Lower bounds on $q$-wise independence tails and applications to min-entropy condensers

TL;DR

This paper establishes tight lower bounds on the independence level needed for $q$-wise hashing to effectively condense min-entropy, with implications for cryptographic key derivation and explicit bounds using combinatorial methods.

Contribution

It provides the first tight lower bounds on the independence level for min-entropy condensers, matching known upper bounds asymptotically and introducing novel combinatorial techniques.

Findings

Lower bounds on $q$-wise independence necessary for effective min-entropy condensation.

Explicit bounds involving Bell numbers and Stirling numbers.

Almost matching the known upper bounds for the independence level $q$.

Abstract

We present novel and sharp lower bounds for higher load moments in the classical problem of mapping $M$ balls into $N$ bins by $q$-universal hashing, specialized to the case when $M=N$. As a corollary we prove a tight counterpart for the result about min-entropy condensers due to Dodis, Pietrzak and Wichs (CRYPTO'14), which has found important applications in key derivation.
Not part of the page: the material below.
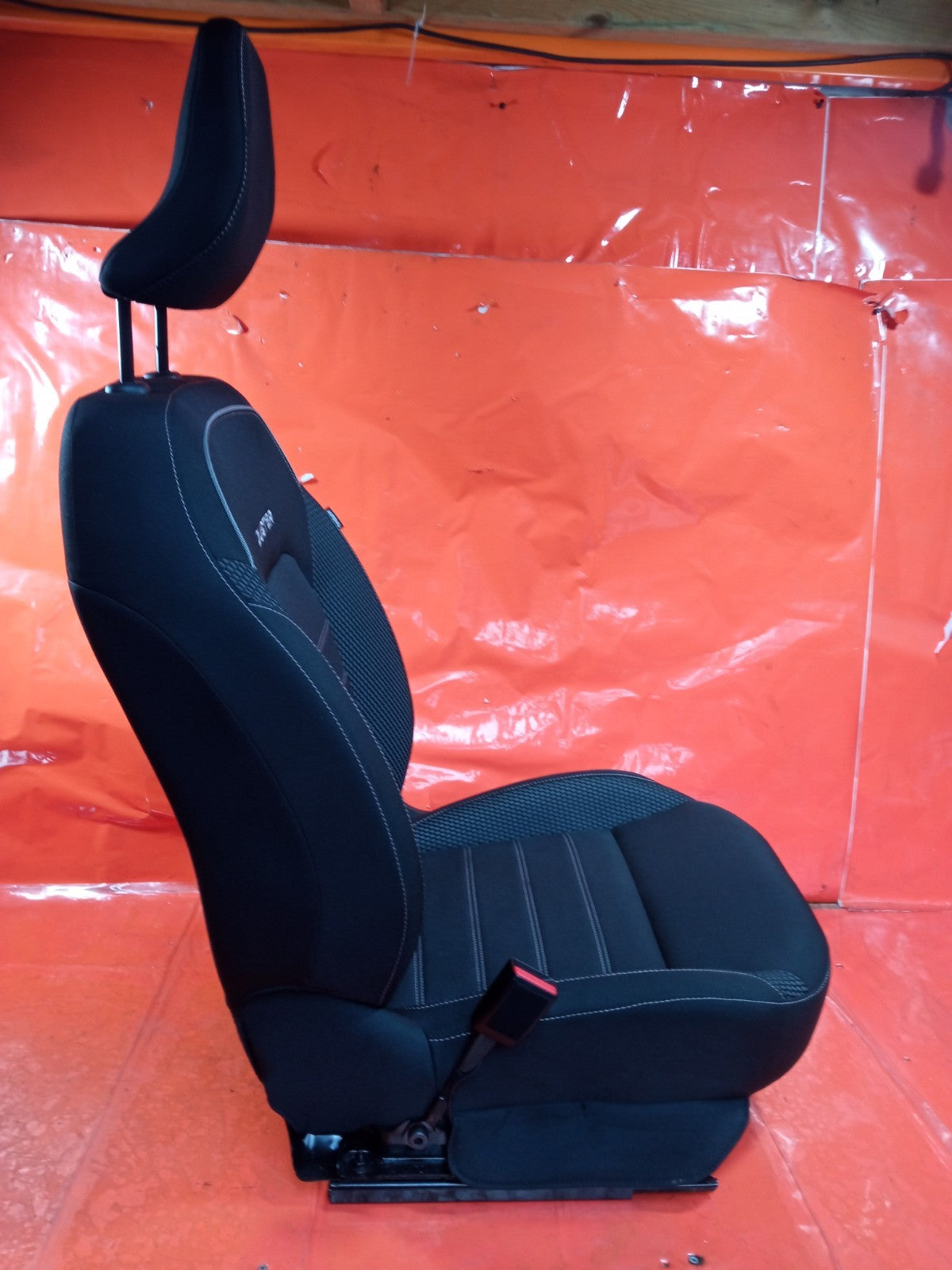✅Dacia Duster Journey 1.3 Petrol 2024 Front Left Heated Seat Cloth Warranty A364 - Image 9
It states that condensing $k$ bits of min-entropy into a $k$-bit string $\epsilon$-close to almost full min-entropy (precisely $ k-\log\log(1/\epsilon)$ bits of entropy) can be achieved by the use of $q$-independent hashing with $q= \log(1/\epsilon)$. We prove that when given a source of min-entropy $k$ and aiming at entropy loss $\ell = \log\log (1/\epsilon) - 3$, the independence level $q=(1-o(1))\log(1/\epsilon)$ is necessary (for small values of $\epsilon$), which almost matches the positive result. Besides these asymptotic bounds, we provide clear hard bounds in terms of Bell numbers and some numerical examples. Our technique is based on an explicit representation of the load moments in terms of Stirling numbers, some asymptotic estimates on Stirling numbers and a tricky application of the Paley-Zygmund inequality. \keywords{ min-entropy condensers, key derivation, balls and bins hashing, anti-concentration inequalities }